WASHINGTON (Reuters) — Presidential contender Hillary Clinton's proposed plan to overhaul capital gains taxes aims to foster long-term growth by taxing some short-term investments at higher rates, an aide for her campaign said on Monday.

Although details of the plan have yet to be finalized, it would create a sliding rate scale based on the length of an investment, an aide with the Democratic candidate's campaign said.

Under her proposal, first reported by the Wall Street Journal, the rate for the shortest-held investments "would be no lower than the 28 percent proposed rate in President (Barack) Obama's budget, but perhaps higher," the aide said.

Details of the plan will be outlined in a speech later this week, the WSJ said.

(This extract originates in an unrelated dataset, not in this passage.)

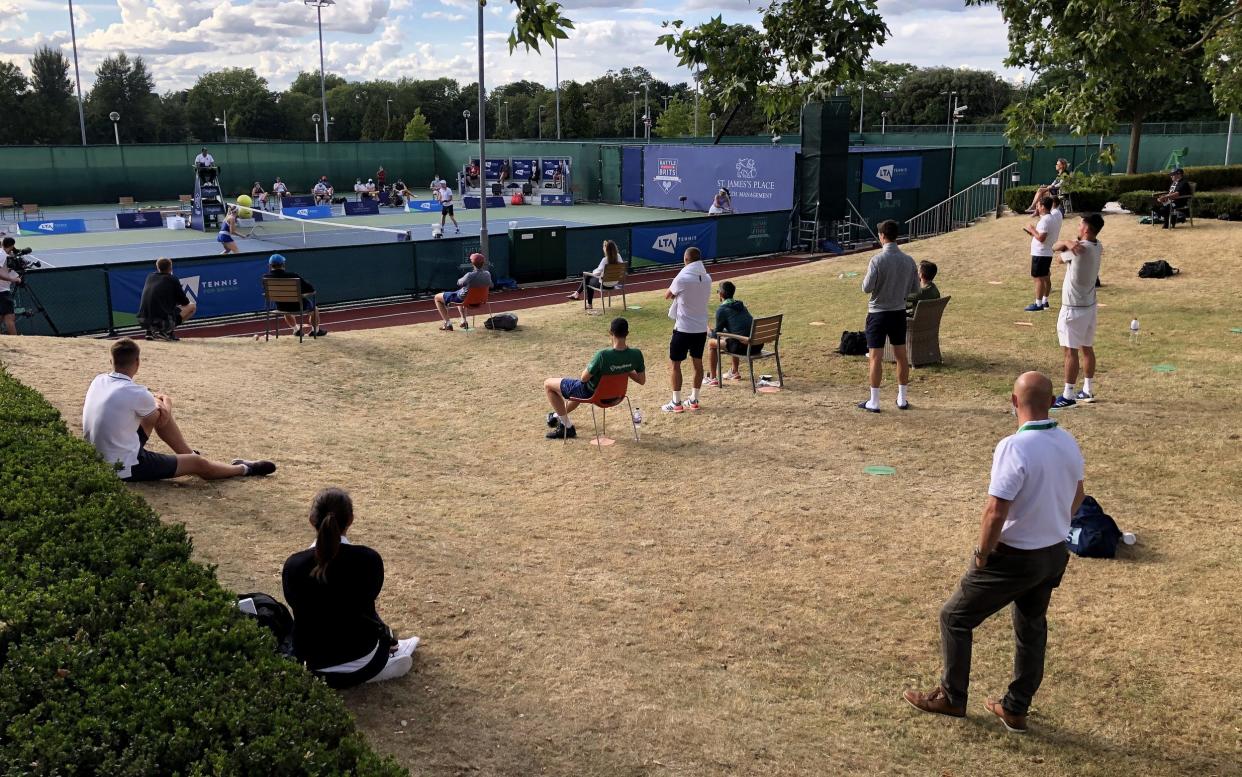 A socially-distanced crowd gathers to watch the Battle of the Brits tennis event in London earlier this month - Julian Finney/Getty Images Europe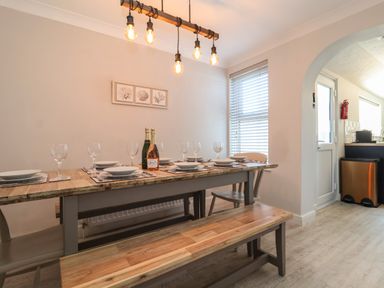 A dining area with a wooden table set with plates and glasses and a bench and chairs at First Light in Pakefield near Lowestoft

According to the Journal, investments held for just a few years would see their current rate of 23.8 percent for the highest earners rise to at least Obama's proposed 28 percent and perhaps as high as the regular income tax rate, which can be as high as 39.6 percent for top earners.

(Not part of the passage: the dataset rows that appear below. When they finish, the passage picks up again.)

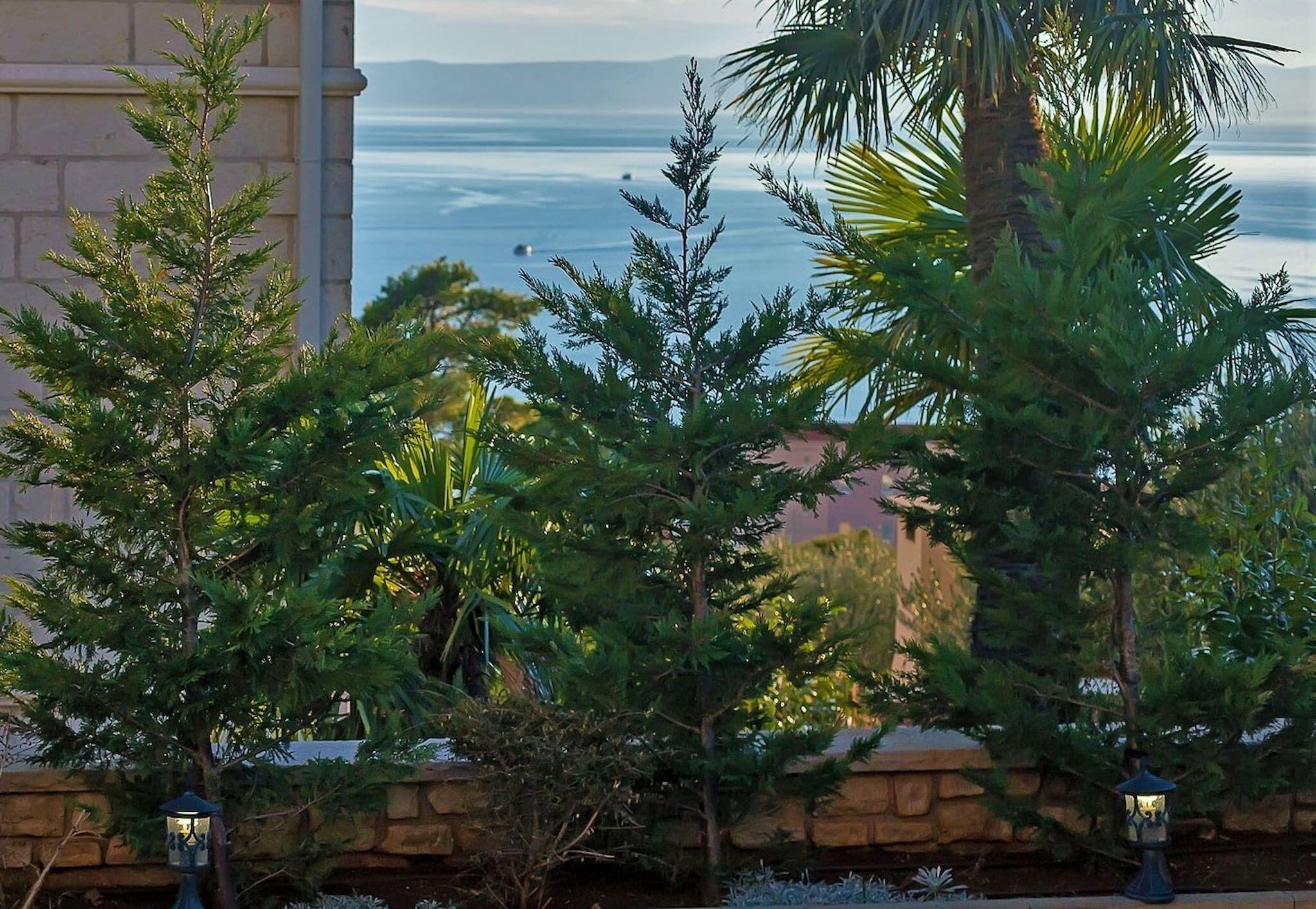 A view of a landscaped area with trees and a stone wall, overlooking a body of water.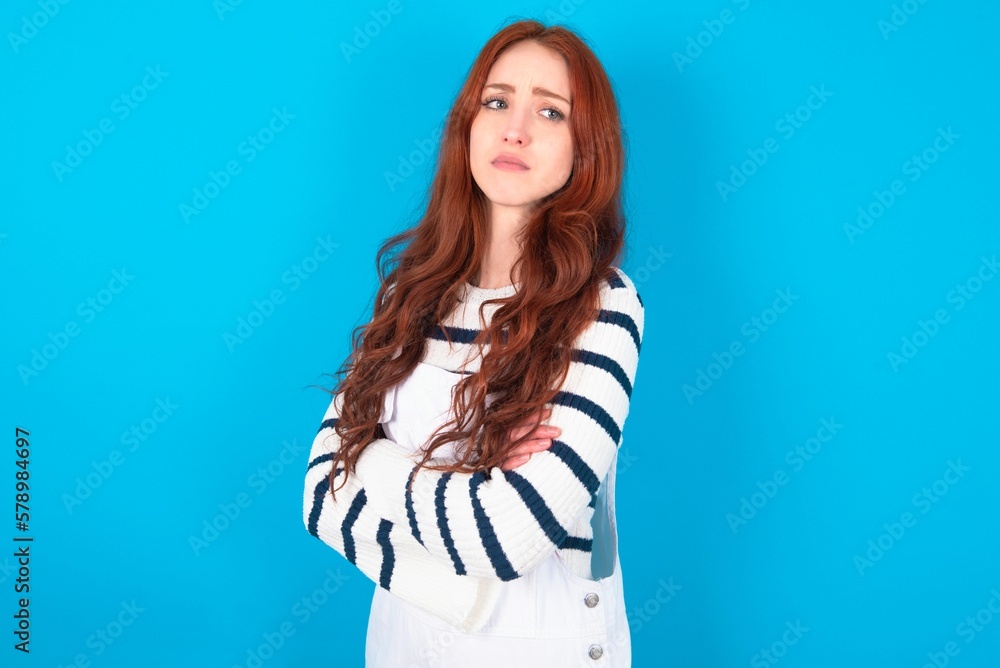Image of upset young caucasian woman wearing overalls over blue background with arms crossed. Looking with disappointed expression aside after listening to bad news. Image of upset young caucasian woman wearing overalls over blue background with arms crossed. Looking with disappointed expression aside after listening to bad news.
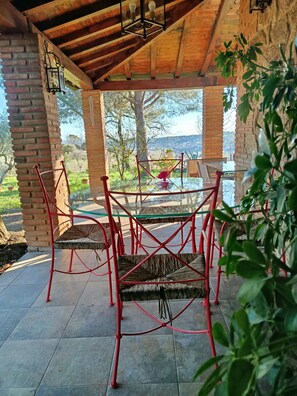 Een overdekt terras met een glazen tafel en rode metalen stoelen, met uitzicht op een tuin met bomen en een landschap.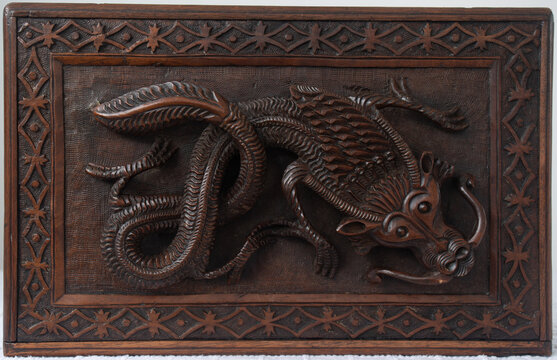 An antique Kashmiri box with a dragon carving on the lid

Investments held for less than a year would still be taxed at regular income tax rates as they are now, the WSJ said. The proposal will also include other rate changes, with the lowest rates given for investments held the longest, it reported.

Clinton's proposal comes as part of her plan to fight an excessive focus on quick profits in capital markets, including capital gains, which are the profits made on selling capital assets such as shares or real estate.

In a speech last week in New York, the Democratic front-runner blasted Wall Street and took aim at financial institutions, vowing tougher oversight in her first major economic speech of the 2016 election campaign.

Clinton's plan to revamp such rates appears to be a shift from her position in 2008, when she last sought the party's nomination and vowed not to raise capital gains tax rates above 20 percent, if at all.

In 1997, her husband, President Bill Clinton, lowered the maximum taxation rate on capital gains from 28 percent to 20 percent. In 2003, it fell to 15 percent under President George W. Bush.

In 2012, the top capital gains taxation rate rose to 20 percent for the highest earners. In the 1970s, the maximum taxation rate for long-term capital gains reached nearly 40 percent.

Although Clinton, who along with her husband have deep ties to Wall Street, is the party's leading presidential candidate, she still faces some pressure from liberal Democrats, such as fellow candidate U.S. Senator Bernie Sanders of Vermont, who want tougher regulations on the financial industry.